In the tradition of Emily Giffin and Marisa de los Santos, How Lucky You Are is an engaging and moving novel about three women struggling to keep their longstanding friendship alive. Waverly, who's always been the group's anchor, runs a cozy bakery but worries each month about her mounting debt. Kate is married to a man who's on track to be the next governor of Virginia, but the larger questions brewing in their future are unsettling her. Stay-at-home mom Amy has a perfect life on paper, but as the horrific secret she's keeping from her friends threatens to reveal itself, she panics.
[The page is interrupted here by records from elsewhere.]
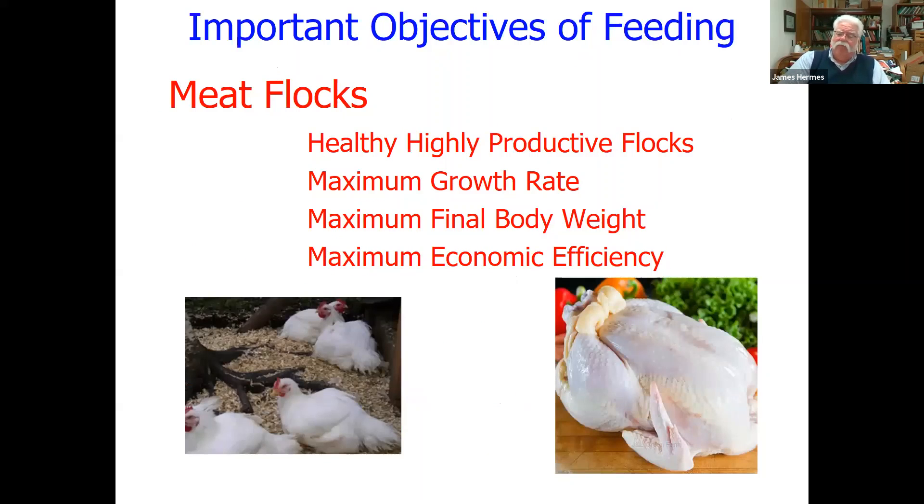For meat flocks we have a different focus. We still want highly productive, healthy birds, but now rather than egg production, we're interested in growth. We want maximum growth rate. For efficiency purposes, we want to get them to weight as soon as we can. We want a good final body weight. We want economic efficiency — a lower amount of feed per pound of gain. The birds are only around a short time — six, eight, ten weeks, depending on strain — and we want to maximize our return.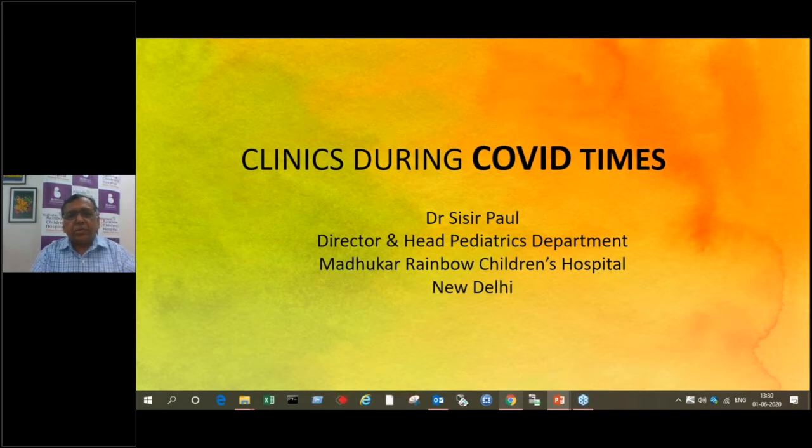Good afternoon, everybody. I am Dr. Sushat Paul, Director and Head of Pediatrics at Madhukar Rainbow Children's Hospital, New Delhi. Today I start off with a topic which has been covered again and again, but something that is bothering us all the time as the problem carries on. COVID is here to stay and we have to manage our outpatient departments. These are suggestions as to how we can move on with our clinics — to revise certain points and maybe add one or two new suggestions.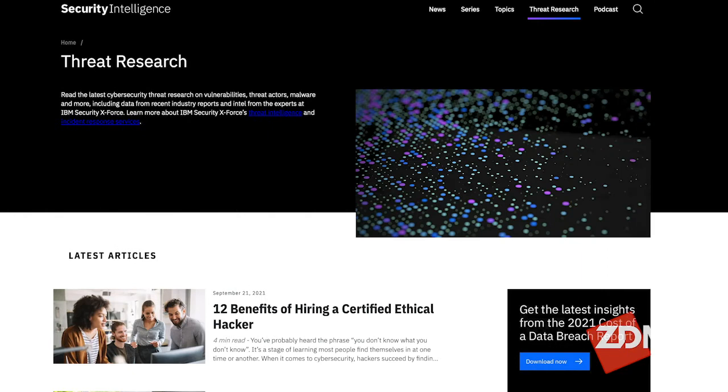Where can we go to get a copy of the report? You can go to securityintelligence.com — it's in the threat research section, you can see the latest. Nick Rossman, global lead for IBM Security X-Force Threat Intelligence — if somebody wants to connect with you personally, what's the best way?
As life's pressures build all around them, Waverly knows she has some big decisions to make. In doing so, she will discover that the lines between loyalty and betrayal can become blurred, happy endings aren't always clear-cut, and sometimes you have to risk everything to gain the life you deserve.
Kathryn - 4 Star
This story absolutely crept up on me. I thought I was reading a fairly standard novel of friendship and marriage but it wasn’t until about halfway through (when I was hit with intense scenarios and a depth of emotion I wasn’t prepared for) that I realised how differently Lewis’ novel really was playing out. It threw me mostly because when I began reading I didn’t initially warm to her writing style (I now blame this on the e-format copy I was reading as the page formatting wasn’t good) and I hadn’t realised how much the story had grown on me until the main events unfolded.
The women’s lives are complete opposites, our main character has a fairly normal life but some large secrets she’s keeping from her boyfriend and friends, one friend is set to be a governor’s wife with prestige and an emphasis out her outward appearance and the other is living a white picket fence fantasy with some dire behind-the-scenes consequences.
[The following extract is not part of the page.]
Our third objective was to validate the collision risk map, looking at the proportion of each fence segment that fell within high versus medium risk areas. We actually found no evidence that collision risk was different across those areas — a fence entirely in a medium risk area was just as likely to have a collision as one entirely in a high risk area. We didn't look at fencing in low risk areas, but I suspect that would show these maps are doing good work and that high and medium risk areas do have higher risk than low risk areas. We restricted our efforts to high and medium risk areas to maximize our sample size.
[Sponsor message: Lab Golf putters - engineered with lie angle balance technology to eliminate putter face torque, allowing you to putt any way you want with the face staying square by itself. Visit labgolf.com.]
Their relationships evolved even in the short time span of the book- and I liked that Kate and Waverly had met Amy in their twenties and that they weren’t all friends from grade school. This example of being able to form lasting friendships at any age was well done despite the fact that they didn’t actually have much in common. I also found it interesting that although they were intensely different characters there wasn’t any catty female jealousy between the women- frustration and longing perhaps for something the others had - but not enough to cause conflict.
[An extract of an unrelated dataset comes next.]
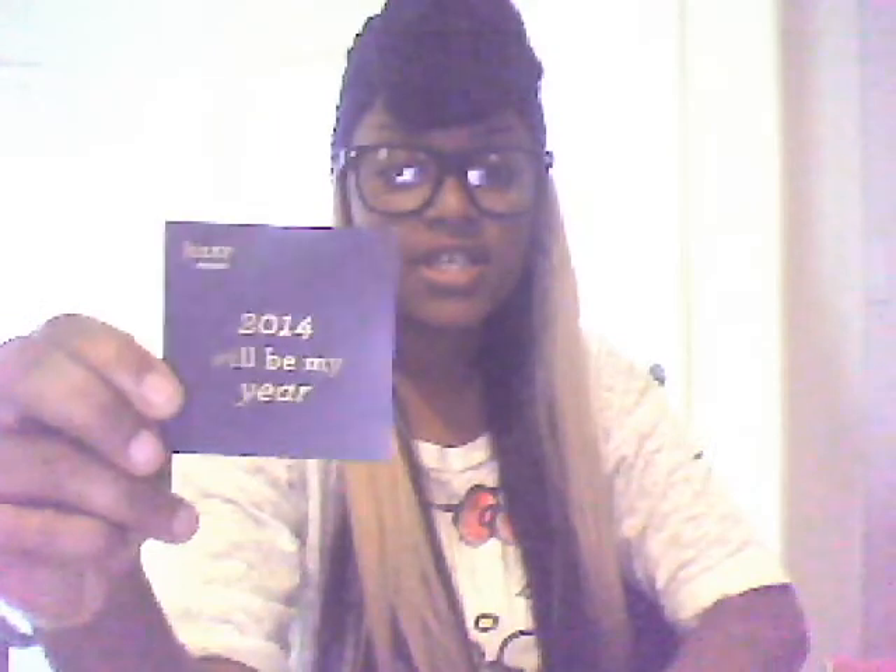This is just something else they included — it says '2014 will be my year,' something positive they wanted to share with us.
Lewis brought in parents, families and coworkers just enough to give them all warmth but it didn’t distract at all from their bonds to each other. Towards the end of How Lucky You Are Amy’s family is more involved in the story line and they were perfectly placed to be realistic. Given the intensity of the plot Lewis brought people in and out with perfect precision.
I wish I could give more details but this novel would be ruined if I said too much. Lewis’ message about friendship and one’s own inner happiness is loud and clear and I loved How Lucky You Are.
Thank you to Grand Central Publishing for our review copy. All opinions are our own.